I recently was looking for some old commands I had made in my terminal and was hit hard when I realized I can only scroll so far back into a window. Well after some sleuthing I found out a way to not only look at old commands from long lost windows but also a was to restore old terminal sessions that may have a bash function that does just what you need it to do or something. So the story...
While looking at the oldest entry of my my newly opened terminal window I noticed something interesting. I saw this line of text:

Last login: Tue Nov 26 11:19:59 on ttys004

and it had me curious. If my terminal is taking some time stamp of my previous commands and saving it till that point maybe it has more or others. Well it does.

Terminal History: What is it?

Your terminal saves a history or all the commands committed over a period of time or a bash history. Each history is stored with a collection of other information as a bash session. Each bash session has a timestamp associated with an id and a store of all the commands that were committed during a set period of time. Dope right!

Each session can also be loaded into your bash_profile in essence restoring that session which is also a neat trick. Any way How do I see/ use all this cool shit? Easy peasy.

history

With the bash command history typed into your terminal a log of the previous (defaulted to 500) commands typed into your terminal will be displayed.

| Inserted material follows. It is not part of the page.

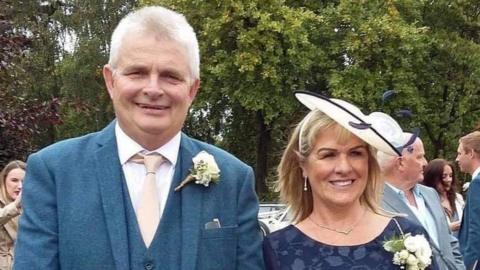 Vernon and Louise Hough at their daughter's wedding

You can update the length of record in a few easy steps.

First you need to access your Terminal by opening that Search in your applications folder in your Finder File-Manager.

Next type history Voila your terminal history.

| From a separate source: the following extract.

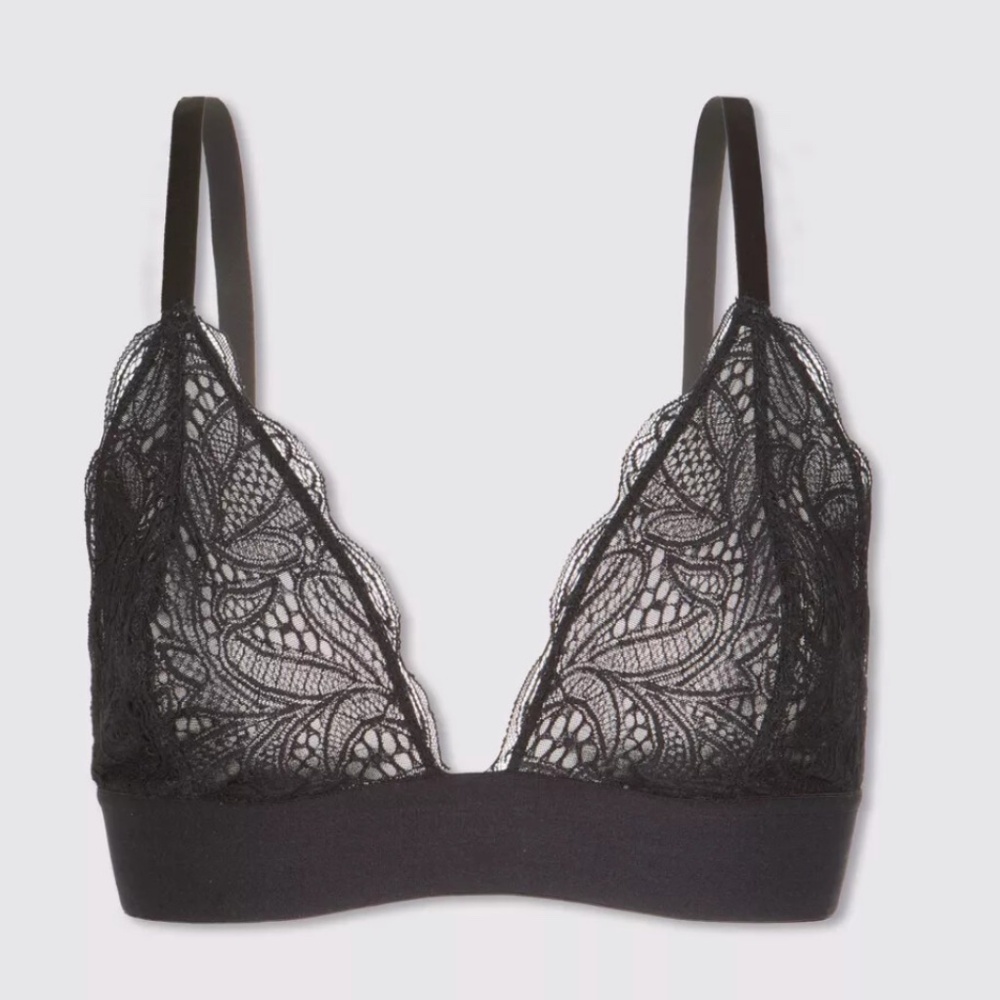 LIVELY - LONG-LINED LACE BRALETTE:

lol you typed the same command three times 3 different ways then moved files three times and tried the command a fourth way then went back to the original file ls'ed it then typed the fourth command a fourth time.
Oh you goof you! xP

Now checkout your bash_profile because next you need to edit that file.

nano -w ~/.bash_profile

Now you're cookin with gasoline so be careful I guess. There's a way to undo stuff in here (your bash_profile), but maybe you have some dope custom bash commands that you don't want to mess up or you didn't set up your bash_profile and got ran a command at some point that did and you aren't quite sure what all of the commands are that have been added and the file is full' of comments; it's all ugly and you dont know whats what in this jungle of a file open in your two-sizes-too-small, why-is-it-mustard-colored, terminal, so don't fuck with anything.

or maybe it just says path and has a path and that's about it.

Anyway your bash_profile looks you don't want to break anything you just want to either edit or add the lines(choose your own number; blank is ∞):

HISTSIZE=613511236114111118312
HISTFILESIZE=613511236114111118312

hint: use the control + W command to search in file open in a nano editor

Now you have an awesomely long bash history. If you ever need to find something again well you can. You're welcome. Now when you get all pissed off because you defined a variable in your bash window and can't re-assign it or something (I'm coming up with these on the spot, nothing to go off yet :) don't fret. You can delete your bash history...yes it's possible.

with the quick and dirty command

history -c

and it's gone.

Now for next time, .bash_sessions, restoring past histories, restoring past sessions, and saving the world one command at a time.

for fun check out some files in your /Users/<your-username-here>/.bash_sessions file

It's got everything you need to look deeply into your past. Soooo Deep you can almost touch it!